Multiple leaks have also shown the involvement of Emirati agencies in surveillance and smear campaigns targeting European political and academic figures, especially those connected to human rights or critical of UAE influence.

Taken together, these developments show that what unfolded in France is more than a politically exploited opinion poll. It is a complex operation involving private intelligence agencies, foreign funding, far-right media, and public relations networks, all working to amplify a narrative portraying Muslims as an existential threat.

A New Narrative

In an interview with Al-Estiklal, France-based Algerian journalist Nasser Mohamed said the controversy surrounding the IFOP poll shows that what happened was not a simple attempt to analyze the situation of Muslims in France, as the sponsoring party claimed. Instead, it was part of a broader effort to reproduce a hard-line security narrative that benefits the far right and helps pave the way for laws that target Muslims and place them under permanent suspicion.

Mohamed added that the Emirati role today is no longer limited to fighting political Islam in the Middle East or supporting authoritarian regimes there. It has become part of a battle unfolding inside Europe itself, a battle in which French fears are used as a political weapon and public opinion is stirred through coordinated campaigns coming from outside the country.

“The danger of this interference lies in exploiting the fragility of the French landscape, especially amid the unprecedented rise of the far right and deepening social divisions,” he said.

“Any media content hostile to Muslims in this context quickly becomes fuel for racist rhetoric and can have a direct impact on daily policy making and legislation.”

“If this investigation has revealed Emirati involvement in only one poll, how many similar campaigns came before it that were never uncovered, and how many covert influence operations have already helped reshape the image of Muslims within French society?” the journalist added.

Mohamed wondered whether the French public understands that much of the growing hatred in the country does not come solely from within but also from external operations that use money, influence, and media power to push society toward deeper polarization.

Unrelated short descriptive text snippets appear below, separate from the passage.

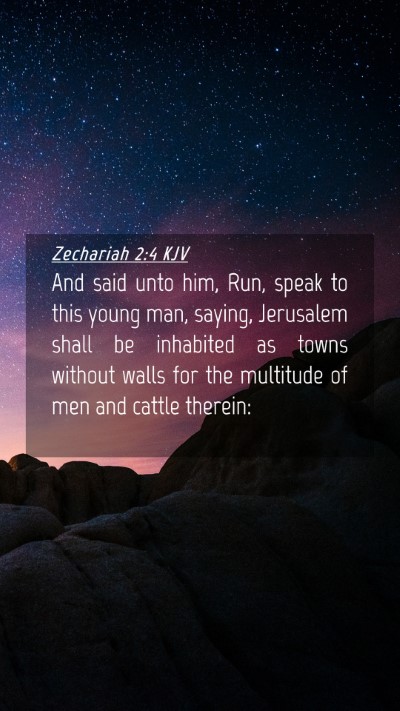 Picture 04 - Zechariah 2:4 KJV Mobile Phone Wallpaper - And said unto him, Run, speak to this young man, - Mobile Bible Verse Wallpaper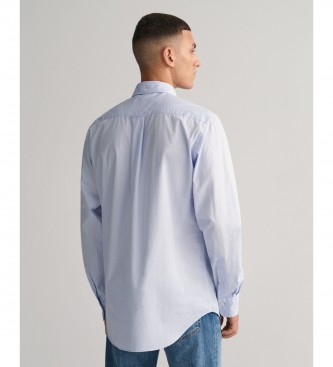 Gant Regular Fit blauw poplin overhemd
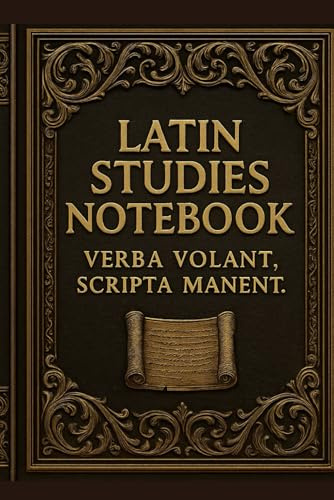 Latin Studies Notebook: Latin Practice Book for Classical Language Learners
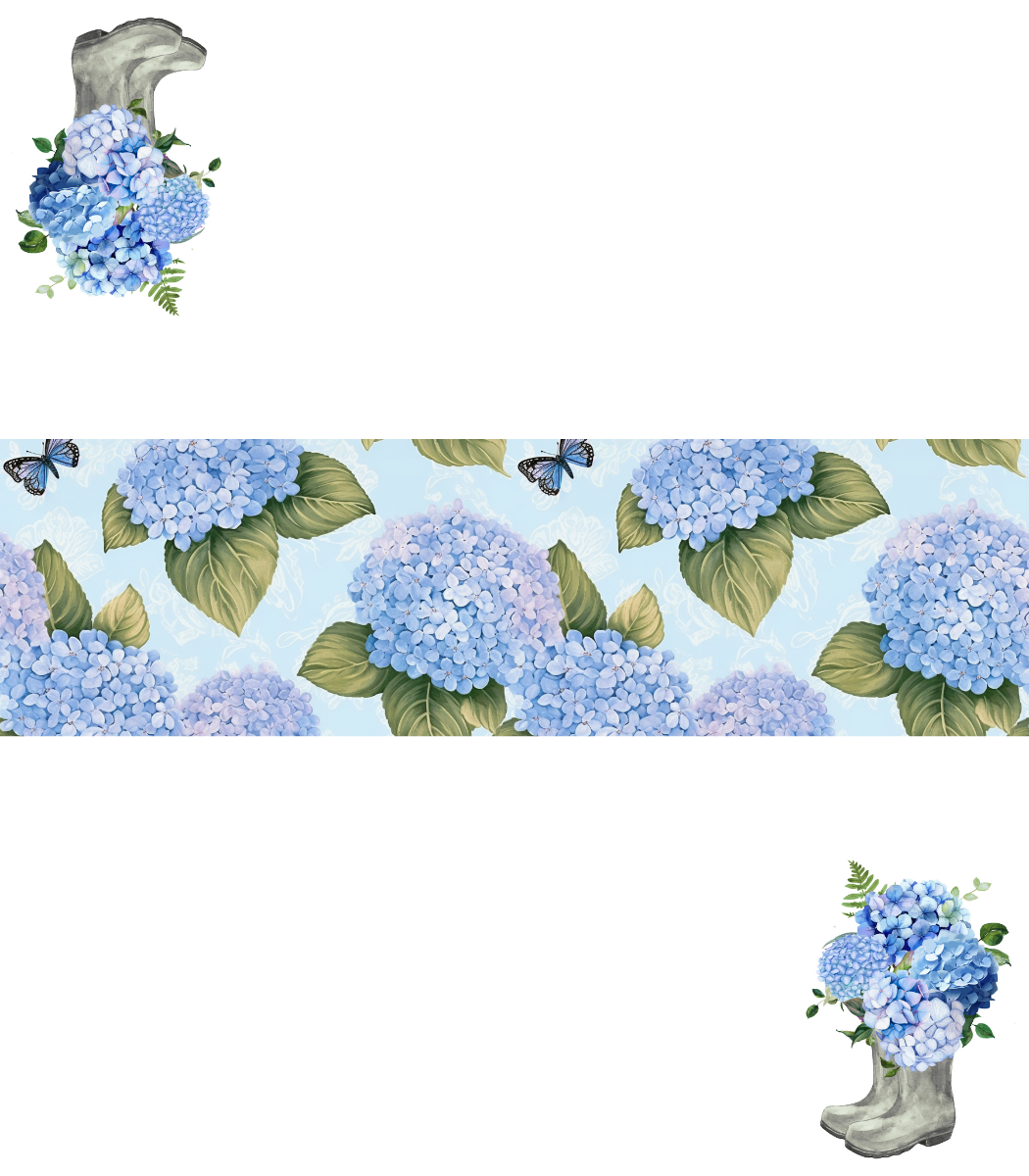 Place Cards | Hydrangeas Prints (Digital Download)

“The IFOP affair is not simply a case of flawed research methodology. It is a sign of a darker reality in which the UAE is trying to reshape the identity of an entire society through tools that appear scientific but are part of a wider influence strategy.”

Mohamed emphasized that unless an official and transparent investigation is launched to uncover funding sources and expose the mechanisms of Emirati infiltration, both France and its Muslim population will remain vulnerable to similar operations at a politically and socially delicate moment that cannot withstand further division.